Wednesday, February 7, 2007

jv ch. 3

hereby my hopefully helpful but nevertheless random thoughts as i read back through JV chapter 3. unfortunately our two texts will begin to diverge for a bit at this point. it was a nice bit of synchronicity that JV chapter 2 and G&E chapter 3 largely overlapped in terms of summary statistics, but, for the next little while, each book's author(s) take a bit of a different tack. in a way, i think this is good, because, on their own, i think G&E would be a bit too theoretical, whereas JV would be a bit too pragmatic. i think the two balance each other nicely in this regard, although i do wish the content covered meshed a bit more consistently. looking ahead, we'll return to synchronous treatments of the fairly detailed topics of regression (which we touch on in this chapter), and ANOVA.
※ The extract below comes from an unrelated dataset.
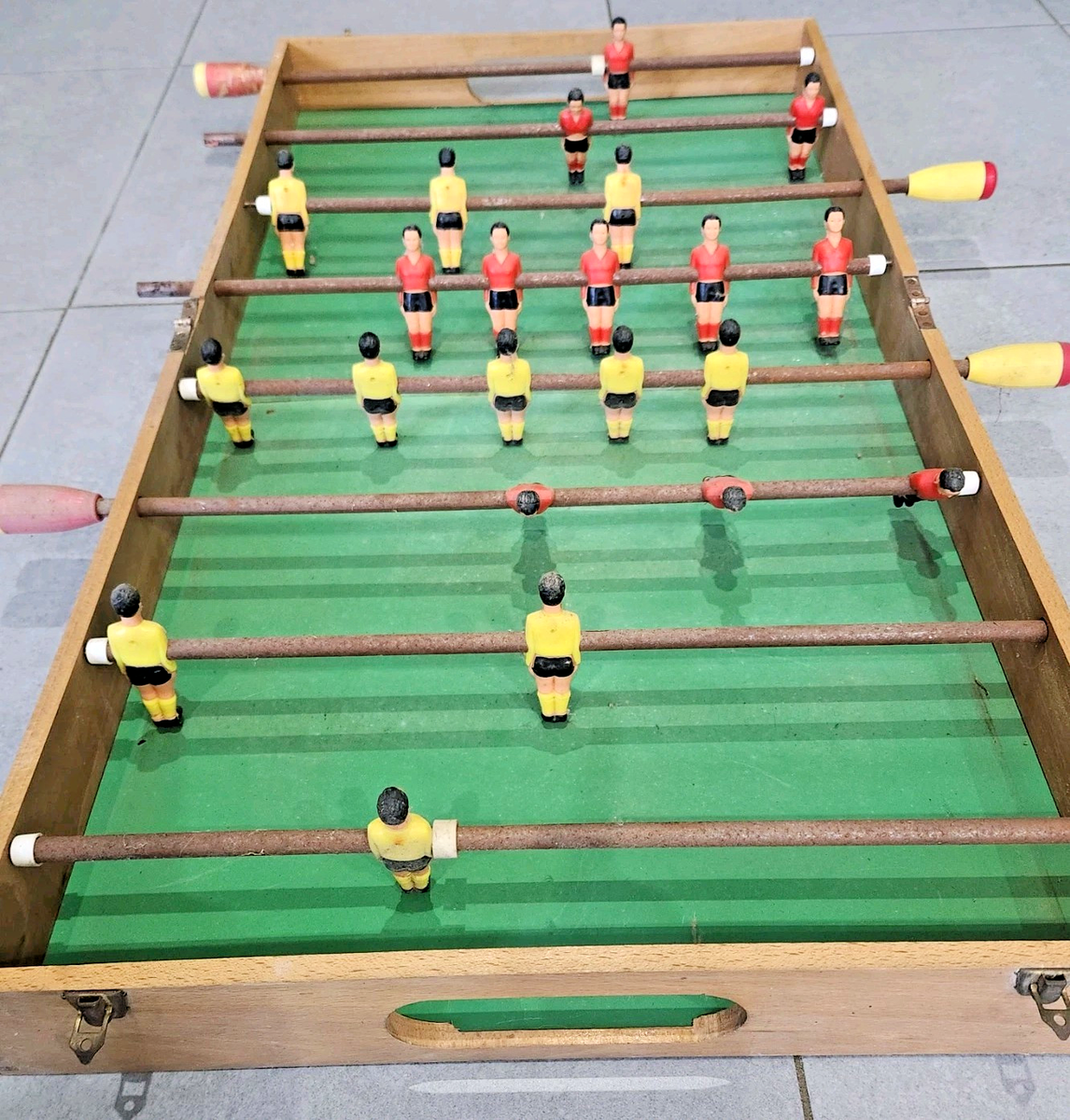 Baby-foot Ancien Pliant En Bois – Vintage 50/60 – Déco Bar Ou Loft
imho, some things are better done in spreadsheets, at least until you get the hang of the R way of doing things, so if you find yourself getting bogged down with binding vectors and adding margins in the early part of the chapter, i'd say you can safely skim it, and just be aware that you can do such things. in general, spreadsheets (such as microsoft excel) do this more easily and intuitively, and may be the tool of choice if you wish to do this for a big data set.
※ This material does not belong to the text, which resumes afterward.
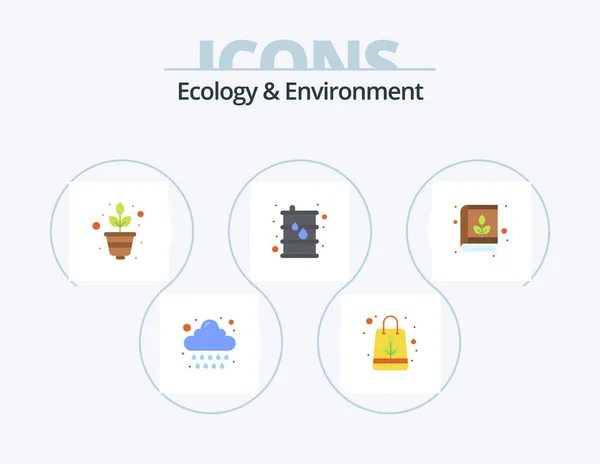 Ecology Environment Flat Icon Pack Icon Design Knowledge Education Plant — Vetor de Stock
i do think it's pretty cool when JV shows you how to produce the side-by-side boxplots and overlapping density plots, and that skill will be useful in the future.

the q-q plots are a bit arcane, and i wouldn't spend too long on them. imho, there are better (if less visual) ways of checking the normality of your data.

scatterplots are particularly important, as are correlation and regression. be aware, though, that we'll be coming back to regression later in the semester. it does make good sense to at least introduce it here, though. i think the short bits on transformations and outliers are worth reading closely, too. though, again, we'll be coming back to them.

2 comments:

Nicole Michel said...

Hey Mike,

Thanks for sharing your thoughts on the chapter and what's important to focus on. 'Course, I didn't think to check this until after I'd already read the chapter and blogged about it (I commented on the qqplots, too - I don't get them). Cést la vie...

Rebecca Hazen said...

Mike,

I'm glad you wrote a bit about the two texts. I have to admit, I was a bit concerned that two stats texts would be a lot to take on in one course, but they have been melding together well so far. Also, as you noted in your posting, they balance eachother nicely since G&E gives a theoretical spin to the material, while JV shows us how to apply it.

One more thing, it sounds like you might be implying that we will be able to make R and Excel "talk" to eachother. Is that possible? That would be such a relief! Even though I don't have a very large data set, I've been dreading the idea of typing all of my data into R.

Rebecca